MATERIAL PROVIDED:
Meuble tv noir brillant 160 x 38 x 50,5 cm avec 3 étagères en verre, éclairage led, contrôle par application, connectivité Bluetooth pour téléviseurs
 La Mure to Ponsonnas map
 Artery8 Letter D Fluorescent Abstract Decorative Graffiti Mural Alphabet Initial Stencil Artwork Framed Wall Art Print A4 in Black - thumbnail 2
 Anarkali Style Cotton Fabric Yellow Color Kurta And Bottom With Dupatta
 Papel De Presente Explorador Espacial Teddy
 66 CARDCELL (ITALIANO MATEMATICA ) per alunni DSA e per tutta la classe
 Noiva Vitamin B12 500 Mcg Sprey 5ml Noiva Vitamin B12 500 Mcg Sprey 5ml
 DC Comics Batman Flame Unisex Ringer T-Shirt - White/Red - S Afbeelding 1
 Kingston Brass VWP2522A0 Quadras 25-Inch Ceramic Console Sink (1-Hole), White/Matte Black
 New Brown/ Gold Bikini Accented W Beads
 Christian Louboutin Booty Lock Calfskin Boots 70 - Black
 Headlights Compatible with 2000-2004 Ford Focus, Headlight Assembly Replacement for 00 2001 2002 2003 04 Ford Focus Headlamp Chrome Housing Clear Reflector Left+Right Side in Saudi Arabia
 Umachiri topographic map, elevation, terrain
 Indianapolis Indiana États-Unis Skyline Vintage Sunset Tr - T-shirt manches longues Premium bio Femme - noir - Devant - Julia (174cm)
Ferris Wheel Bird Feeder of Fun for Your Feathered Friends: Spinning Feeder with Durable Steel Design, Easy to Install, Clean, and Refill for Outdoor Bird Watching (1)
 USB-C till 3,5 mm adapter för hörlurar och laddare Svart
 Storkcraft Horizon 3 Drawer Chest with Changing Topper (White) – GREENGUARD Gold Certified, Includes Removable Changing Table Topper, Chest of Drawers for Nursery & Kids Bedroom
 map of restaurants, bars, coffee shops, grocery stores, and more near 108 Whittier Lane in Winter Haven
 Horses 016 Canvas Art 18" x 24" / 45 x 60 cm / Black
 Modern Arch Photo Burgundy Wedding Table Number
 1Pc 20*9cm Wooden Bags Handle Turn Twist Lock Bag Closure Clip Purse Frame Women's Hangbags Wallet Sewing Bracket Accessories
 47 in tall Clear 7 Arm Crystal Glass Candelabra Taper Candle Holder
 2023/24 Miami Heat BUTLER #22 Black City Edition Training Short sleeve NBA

ASSIGNMENT: Each line of the material above must be retyped exactly as written.

EXERCISE ANSWER:
Meuble tv noir brillant 160 x 38 x 50,5 cm avec 3 étagères en verre, éclairage led, contrôle par application, connectivité Bluetooth pour téléviseurs
 La Mure to Ponsonnas map
 Artery8 Letter D Fluorescent Abstract Decorative Graffiti Mural Alphabet Initial Stencil Artwork Framed Wall Art Print A4 in Black - thumbnail 2
 Anarkali Style Cotton Fabric Yellow Color Kurta And Bottom With Dupatta
 Papel De Presente Explorador Espacial Teddy
 66 CARDCELL (ITALIANO MATEMATICA ) per alunni DSA e per tutta la classe
 Noiva Vitamin B12 500 Mcg Sprey 5ml Noiva Vitamin B12 500 Mcg Sprey 5ml
 DC Comics Batman Flame Unisex Ringer T-Shirt - White/Red - S Afbeelding 1
 Kingston Brass VWP2522A0 Quadras 25-Inch Ceramic Console Sink (1-Hole), White/Matte Black
 New Brown/ Gold Bikini Accented W Beads
 Christian Louboutin Booty Lock Calfskin Boots 70 - Black
 Headlights Compatible with 2000-2004 Ford Focus, Headlight Assembly Replacement for 00 2001 2002 2003 04 Ford Focus Headlamp Chrome Housing Clear Reflector Left+Right Side in Saudi Arabia
 Umachiri topographic map, elevation, terrain
 Indianapolis Indiana États-Unis Skyline Vintage Sunset Tr - T-shirt manches longues Premium bio Femme - noir - Devant - Julia (174cm)
Ferris Wheel Bird Feeder of Fun for Your Feathered Friends: Spinning Feeder with Durable Steel Design, Easy to Install, Clean, and Refill for Outdoor Bird Watching (1)
 USB-C till 3,5 mm adapter för hörlurar och laddare Svart
 Storkcraft Horizon 3 Drawer Chest with Changing Topper (White) – GREENGUARD Gold Certified, Includes Removable Changing Table Topper, Chest of Drawers for Nursery & Kids Bedroom
 map of restaurants, bars, coffee shops, grocery stores, and more near 108 Whittier Lane in Winter Haven
 Horses 016 Canvas Art 18" x 24" / 45 x 60 cm / Black
 Modern Arch Photo Burgundy Wedding Table Number
 1Pc 20*9cm Wooden Bags Handle Turn Twist Lock Bag Closure Clip Purse Frame Women's Hangbags Wallet Sewing Bracket Accessories
 47 in tall Clear 7 Arm Crystal Glass Candelabra Taper Candle Holder
 2023/24 Miami Heat BUTLER #22 Black City Edition Training Short sleeve NBA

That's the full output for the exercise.